UK high-street crisis hits more stores and vacancy rates are the highest in four years

From Superdry to John Lewis, retailers have taken a hard hit from the high-street apocalypse. And new figures suggest more brick and mortar stores are affected

UK high-street crisis hits more stores and vacancy rates are the highest in four years

The high-street crisis is worsening. With empty shop fronts and decreasing shopper numbers, there doesn’t seem to be a good time for retailers. In fact, the high street footfall has dropped by 1% year on year according to a new report from the British Retail Consortium (BRC), the trade organisation for the retail industry. 

The study reveals vacancy rates on local high-streets have risen to 10.2%, which means one in ten shops have succumbed to the high street crisis. This is the highest level of store closures since April 2015 and has increased to 9.9% from the last quarter. Furthermore, despite footfall increasing by 19.1% on Easter weekend, the overall retail footfall fell by 0.5% since last year. 

This highlight how the high-street crisis is getting worse. Indeed, it has already seen huge losses even for big players like Superdry, Marks & Spencer and John Lewis. 

Helen Dickinson, chief executive of the BRC, said: “With regular reports of shop closures, it may come as no surprise that town centre vacancy rates rose to their highest level in four years. Empty shopfronts, particularly for larger stores, can deter shoppers from an area, decreasing footfall for all those around. This effect can be cyclical, with the long-term decline in footfall pushing up vacancy rates, particularly in poorer areas.”
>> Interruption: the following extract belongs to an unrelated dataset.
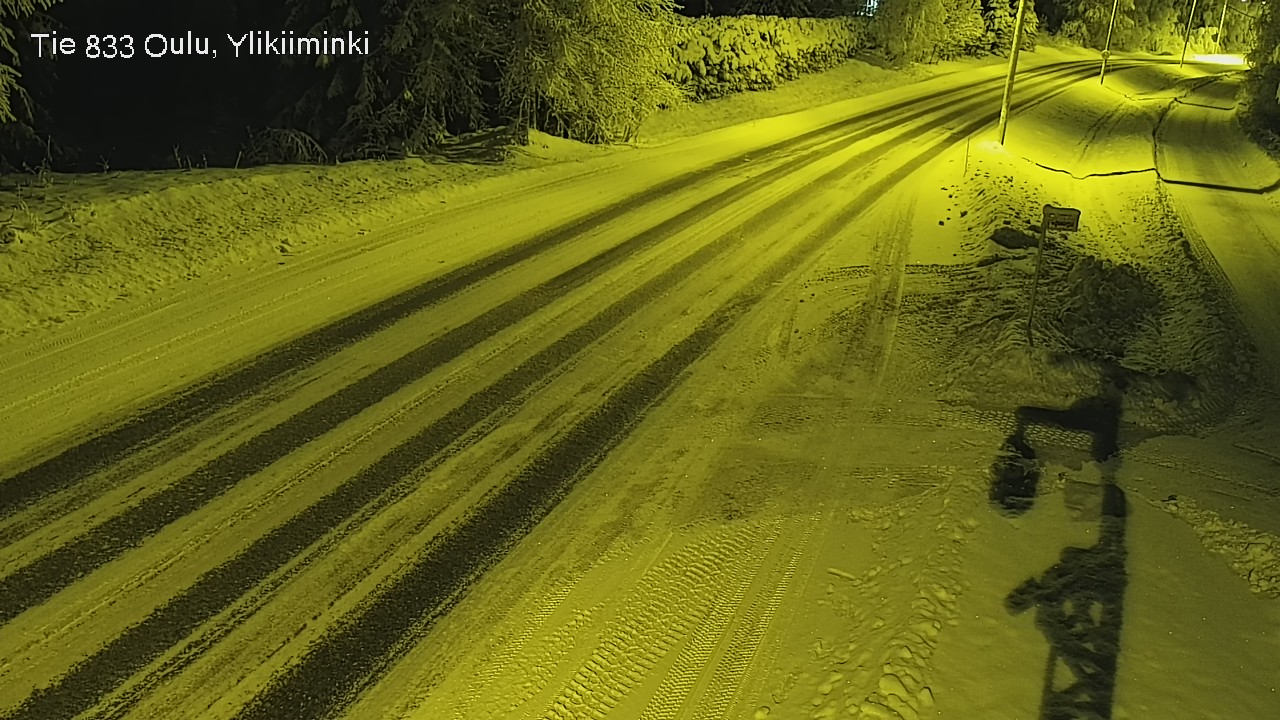 Kelikamerat Kuva Tie 833 Oulu, Vesala, Oulu, Pohjois-Pohjanmaa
While others have pointed towards the rise of e-commerce in the past, Dickinson blamed the rising cumulative impact of government policy costs like business rates to the apprenticeship levy also accounted for the worsening situation. “For many retailers, business rates remain the single biggest tax imposed by government,” she said. “They are a levy on physical space that is paid in full regardless of whether a firm is in profit or in loss. Importantly, they are also borne disproportionately by retailers who represent 5% of the economy yet pay 25% of all business rates. If the government is serious about reversing the decline on our high-streets, then reforming the broken business rates system would be an essential first step.”

Whether it’s the rise of e-commerce or the lack of tech stores are using, the high-street definitely needs a change.